La storia, raccontata in modo lieve e intelligente da Gaia Cesare per «Il Giornale», ci porta in un piccolo e sereno paese del nord ovest del Belgio, il suo nome è Néchin, le anime che vi circolano sono all’incirca duemila. In che modo la placida Néchin entra in rotta di collisione con il presidentissimo, sottili e antiche rivendicazioni anti-transalpine hanno forse qui la loro sintesi felice? Non esattamente. Questo paesino diciamo che è fortunato. Geograficamente fortunato. È ad appena a un chilometro e seicento metri (4 minuti di macchina, appena 15 da Lille) dal confine francese, c’è «l’aria buona, molte mucche, tanti campi di patate – racconta la Cesare – e un numero sorprendente di milionari. Quasi tutti francesi. Che infatti sono il 27% di questo sperduto villaggio della Vallonia. Attratti dalla campagna? Forse. Conquistati dalle ex fattorie convertite in lussuose ville? Sicuramente».
Il seguito, scommetto lo avete indovinato. In questo paesello ridente, che con un filo di licenza poetica potremmo serenamente ribattezzare le Cayman di Vallonia, il regime fiscale, per dir così, vi sorride amabilmente sin dal cartello indicatore all’inizio del borgo, «dove non esiste alcuna imposta sulla fortuna, né tassazione sulle plusvalenze e dove le tasse di successione sono ben più vantaggiose che in Francia. Et voilà, è sufficiente risiedere da queste parti, senza necessariamente prendere la cittadinanza, per essere assoggettati al fisco belga. Un paradiso fiscale – da oltre vent’anni – per molti milionari francesi, tra cui diversi membri della famiglia Mulliez, proprietaria di Auchan e di Decathlon, il cantante Johnny Hallyday…e dove pare sia stato avvistato anche Gerard Depardieu…».
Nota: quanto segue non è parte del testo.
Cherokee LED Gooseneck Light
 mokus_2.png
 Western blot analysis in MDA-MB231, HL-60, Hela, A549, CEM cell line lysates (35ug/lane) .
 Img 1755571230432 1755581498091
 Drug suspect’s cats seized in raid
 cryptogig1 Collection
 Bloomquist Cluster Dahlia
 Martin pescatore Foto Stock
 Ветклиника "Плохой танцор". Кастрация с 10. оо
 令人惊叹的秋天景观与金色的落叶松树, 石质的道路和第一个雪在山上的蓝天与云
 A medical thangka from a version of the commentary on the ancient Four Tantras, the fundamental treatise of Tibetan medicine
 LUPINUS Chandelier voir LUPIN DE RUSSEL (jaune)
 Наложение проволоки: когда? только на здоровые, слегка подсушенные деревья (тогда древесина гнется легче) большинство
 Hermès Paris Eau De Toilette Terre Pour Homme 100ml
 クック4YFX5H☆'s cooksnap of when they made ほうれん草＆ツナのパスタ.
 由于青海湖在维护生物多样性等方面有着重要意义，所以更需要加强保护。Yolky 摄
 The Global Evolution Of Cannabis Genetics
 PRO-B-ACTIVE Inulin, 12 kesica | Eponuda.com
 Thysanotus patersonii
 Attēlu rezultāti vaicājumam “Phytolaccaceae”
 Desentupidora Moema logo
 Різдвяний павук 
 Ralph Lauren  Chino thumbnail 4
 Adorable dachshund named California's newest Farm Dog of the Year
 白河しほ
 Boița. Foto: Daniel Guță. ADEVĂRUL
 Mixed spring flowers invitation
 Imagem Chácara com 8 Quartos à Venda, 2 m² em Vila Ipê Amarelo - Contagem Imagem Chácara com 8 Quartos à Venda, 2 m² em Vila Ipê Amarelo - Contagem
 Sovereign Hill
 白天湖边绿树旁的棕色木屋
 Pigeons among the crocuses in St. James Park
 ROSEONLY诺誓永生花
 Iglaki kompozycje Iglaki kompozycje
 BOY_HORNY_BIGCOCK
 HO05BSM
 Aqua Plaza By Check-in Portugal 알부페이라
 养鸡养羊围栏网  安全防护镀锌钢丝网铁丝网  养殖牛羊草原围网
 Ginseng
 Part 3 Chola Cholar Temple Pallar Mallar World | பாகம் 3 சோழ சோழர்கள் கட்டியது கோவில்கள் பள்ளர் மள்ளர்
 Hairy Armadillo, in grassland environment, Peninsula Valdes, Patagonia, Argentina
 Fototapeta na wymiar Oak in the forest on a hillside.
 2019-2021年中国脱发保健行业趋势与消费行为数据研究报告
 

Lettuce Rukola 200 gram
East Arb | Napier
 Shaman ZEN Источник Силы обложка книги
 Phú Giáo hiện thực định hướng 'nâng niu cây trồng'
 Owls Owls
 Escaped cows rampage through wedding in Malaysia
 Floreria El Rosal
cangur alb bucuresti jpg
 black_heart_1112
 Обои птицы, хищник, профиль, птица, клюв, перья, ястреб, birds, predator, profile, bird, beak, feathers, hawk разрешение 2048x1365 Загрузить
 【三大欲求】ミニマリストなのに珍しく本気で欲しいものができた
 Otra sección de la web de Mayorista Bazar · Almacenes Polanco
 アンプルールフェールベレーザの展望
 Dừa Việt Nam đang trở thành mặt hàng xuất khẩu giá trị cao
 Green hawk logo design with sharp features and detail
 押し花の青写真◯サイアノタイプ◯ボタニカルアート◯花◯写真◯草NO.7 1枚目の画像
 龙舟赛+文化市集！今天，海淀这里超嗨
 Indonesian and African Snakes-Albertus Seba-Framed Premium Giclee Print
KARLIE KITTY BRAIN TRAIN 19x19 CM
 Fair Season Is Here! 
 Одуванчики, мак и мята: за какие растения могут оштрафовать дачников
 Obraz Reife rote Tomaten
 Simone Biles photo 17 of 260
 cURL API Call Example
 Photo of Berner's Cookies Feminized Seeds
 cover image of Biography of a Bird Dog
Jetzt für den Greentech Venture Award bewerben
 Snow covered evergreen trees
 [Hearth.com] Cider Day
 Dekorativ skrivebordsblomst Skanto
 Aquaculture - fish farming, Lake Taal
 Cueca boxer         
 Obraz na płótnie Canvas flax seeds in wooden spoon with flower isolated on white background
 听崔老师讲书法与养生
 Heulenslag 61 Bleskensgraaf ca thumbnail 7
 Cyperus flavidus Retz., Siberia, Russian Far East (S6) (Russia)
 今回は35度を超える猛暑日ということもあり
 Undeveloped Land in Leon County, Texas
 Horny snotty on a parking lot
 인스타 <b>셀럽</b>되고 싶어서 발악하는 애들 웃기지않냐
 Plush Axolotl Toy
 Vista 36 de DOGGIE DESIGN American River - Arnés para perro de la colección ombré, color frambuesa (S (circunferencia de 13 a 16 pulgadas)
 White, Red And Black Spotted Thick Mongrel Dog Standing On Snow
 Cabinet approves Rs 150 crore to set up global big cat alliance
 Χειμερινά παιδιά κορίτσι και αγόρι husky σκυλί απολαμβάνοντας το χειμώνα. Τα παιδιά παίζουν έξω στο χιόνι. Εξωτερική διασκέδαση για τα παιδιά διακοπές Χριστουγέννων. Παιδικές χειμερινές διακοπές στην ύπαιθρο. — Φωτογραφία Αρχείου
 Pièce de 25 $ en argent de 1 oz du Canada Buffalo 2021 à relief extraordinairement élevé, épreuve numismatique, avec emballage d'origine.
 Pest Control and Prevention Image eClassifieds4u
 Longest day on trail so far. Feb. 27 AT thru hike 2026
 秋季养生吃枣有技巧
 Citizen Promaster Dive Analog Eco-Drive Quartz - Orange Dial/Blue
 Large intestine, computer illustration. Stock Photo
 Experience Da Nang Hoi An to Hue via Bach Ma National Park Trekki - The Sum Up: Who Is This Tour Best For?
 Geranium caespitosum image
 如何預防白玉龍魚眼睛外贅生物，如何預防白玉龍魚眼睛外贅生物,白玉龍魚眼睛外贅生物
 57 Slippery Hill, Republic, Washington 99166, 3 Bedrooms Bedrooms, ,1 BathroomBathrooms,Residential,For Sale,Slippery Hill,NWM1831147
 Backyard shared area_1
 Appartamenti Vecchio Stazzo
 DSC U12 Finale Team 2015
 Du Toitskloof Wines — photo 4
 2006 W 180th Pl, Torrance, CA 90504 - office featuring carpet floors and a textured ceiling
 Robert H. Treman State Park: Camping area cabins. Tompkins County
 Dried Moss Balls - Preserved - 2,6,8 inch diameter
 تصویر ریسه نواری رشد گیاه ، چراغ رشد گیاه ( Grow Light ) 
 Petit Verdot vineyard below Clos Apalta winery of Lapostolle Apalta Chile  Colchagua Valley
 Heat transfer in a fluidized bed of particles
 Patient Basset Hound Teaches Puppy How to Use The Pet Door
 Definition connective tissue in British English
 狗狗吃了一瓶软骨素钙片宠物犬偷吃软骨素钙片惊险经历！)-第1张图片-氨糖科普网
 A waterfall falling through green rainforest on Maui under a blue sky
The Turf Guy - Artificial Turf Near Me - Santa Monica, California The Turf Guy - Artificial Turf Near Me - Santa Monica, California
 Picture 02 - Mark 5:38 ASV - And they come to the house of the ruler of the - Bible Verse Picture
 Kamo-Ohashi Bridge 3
Adesso che la scure di Hollande sta per abbattersi sui ricconi francesi, roba da mani nelle tasche dicono in tanti, questo incantevole lembo di Vallonia sta diventando molto, molto, ambìto. Quel 75% che lo stato francese vuole prendersi sulla quota guadagni che supera il milione di euro è semplice equità sociale o puro cannibalismo fiscale? Il dibattito è aperto.
Questa storiella ha forse una morale anche qui da noi, noi che abbiamo parlato molti mesi fa di patrimoniale e che poi abbiamo malinconicamente (giudiziosamente?) riposto l’argomento in un cassetto. L’altro giorno, mal gliene incolse, lo ha risgabbiato Monti per poi ricacciarlo nell’armadio, smentendo frettolosamente (e disordinatamente).
Ma l’angolazione da cui si intende guardare a questa piccola storia franco-belga, ci riporta in quel campo, delicato e dibattuto, delle pari opportunità. Nel senso che dovrà essere oggetto di un’attenta valutazione sociale, in una democrazia avanzata quale la nostra, quel dislivello economico che rende molto diverse tra loro le varie categorie di persone e non solo per un’evidenza finanziaria. In una domanda: un cittadino economicamente abbiente, che riesce a pagare meno tasse attraverso il ricorso a meccanismi molto sofisticati (e negati alla massa) ma del tutto legali, sotto il profilo etico (e delle pari opportunità) può essere considerato allo stesso modo di un cittadino meno fortunato economicamente a cui, magari, le tasse vengono prelevate alla radice?
Se non si scioglie questo nodo, l’equilibrio sociale (che significa una consapevole accettazione di condizioni diverse) sarà difficilissimo da trovare.